▶ WHAT THIS TASK INVOLVES
In the entries below, find the line with "20 years of" and the line with "Eileen Contemporary Task"; give again those lines and every line between them, exactly.
####
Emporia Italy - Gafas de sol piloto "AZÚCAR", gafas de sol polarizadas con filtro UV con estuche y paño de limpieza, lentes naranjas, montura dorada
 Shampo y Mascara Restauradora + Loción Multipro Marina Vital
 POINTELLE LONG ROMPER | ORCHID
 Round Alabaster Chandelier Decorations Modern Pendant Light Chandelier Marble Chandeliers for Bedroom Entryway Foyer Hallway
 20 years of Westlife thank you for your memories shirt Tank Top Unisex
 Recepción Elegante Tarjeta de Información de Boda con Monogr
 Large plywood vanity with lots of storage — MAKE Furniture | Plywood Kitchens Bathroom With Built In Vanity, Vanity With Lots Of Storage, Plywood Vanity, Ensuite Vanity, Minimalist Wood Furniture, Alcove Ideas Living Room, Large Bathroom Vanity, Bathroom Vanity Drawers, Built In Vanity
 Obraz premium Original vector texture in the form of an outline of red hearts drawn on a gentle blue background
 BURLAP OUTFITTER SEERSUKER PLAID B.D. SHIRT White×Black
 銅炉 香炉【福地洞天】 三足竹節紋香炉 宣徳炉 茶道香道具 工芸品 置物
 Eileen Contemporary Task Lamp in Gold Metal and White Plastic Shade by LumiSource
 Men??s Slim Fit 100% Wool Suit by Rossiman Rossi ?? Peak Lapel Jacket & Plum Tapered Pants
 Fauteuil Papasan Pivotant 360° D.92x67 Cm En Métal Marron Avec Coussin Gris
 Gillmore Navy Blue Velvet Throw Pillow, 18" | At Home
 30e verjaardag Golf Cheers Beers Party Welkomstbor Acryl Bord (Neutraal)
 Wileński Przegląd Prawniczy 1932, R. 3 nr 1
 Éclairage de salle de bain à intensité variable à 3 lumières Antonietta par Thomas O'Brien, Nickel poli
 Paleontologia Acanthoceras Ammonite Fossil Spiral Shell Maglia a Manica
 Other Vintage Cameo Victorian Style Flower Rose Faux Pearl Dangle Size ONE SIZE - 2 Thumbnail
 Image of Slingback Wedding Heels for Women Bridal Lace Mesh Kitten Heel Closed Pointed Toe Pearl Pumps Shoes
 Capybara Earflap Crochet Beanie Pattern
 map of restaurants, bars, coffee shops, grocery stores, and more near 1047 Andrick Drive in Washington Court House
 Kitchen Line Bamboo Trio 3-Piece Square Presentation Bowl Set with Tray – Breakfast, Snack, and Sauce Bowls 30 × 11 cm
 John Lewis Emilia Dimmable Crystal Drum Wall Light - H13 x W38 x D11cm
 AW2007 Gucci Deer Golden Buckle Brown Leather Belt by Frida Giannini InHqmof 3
####
▶ COMPLETED EXERCISE
 20 years of Westlife thank you for your memories shirt Tank Top Unisex
 Recepción Elegante Tarjeta de Información de Boda con Monogr
 Large plywood vanity with lots of storage — MAKE Furniture | Plywood Kitchens Bathroom With Built In Vanity, Vanity With Lots Of Storage, Plywood Vanity, Ensuite Vanity, Minimalist Wood Furniture, Alcove Ideas Living Room, Large Bathroom Vanity, Bathroom Vanity Drawers, Built In Vanity
 Obraz premium Original vector texture in the form of an outline of red hearts drawn on a gentle blue background
 BURLAP OUTFITTER SEERSUKER PLAID B.D. SHIRT White×Black
 銅炉 香炉【福地洞天】 三足竹節紋香炉 宣徳炉 茶道香道具 工芸品 置物
 Eileen Contemporary Task Lamp in Gold Metal and White Plastic Shade by LumiSource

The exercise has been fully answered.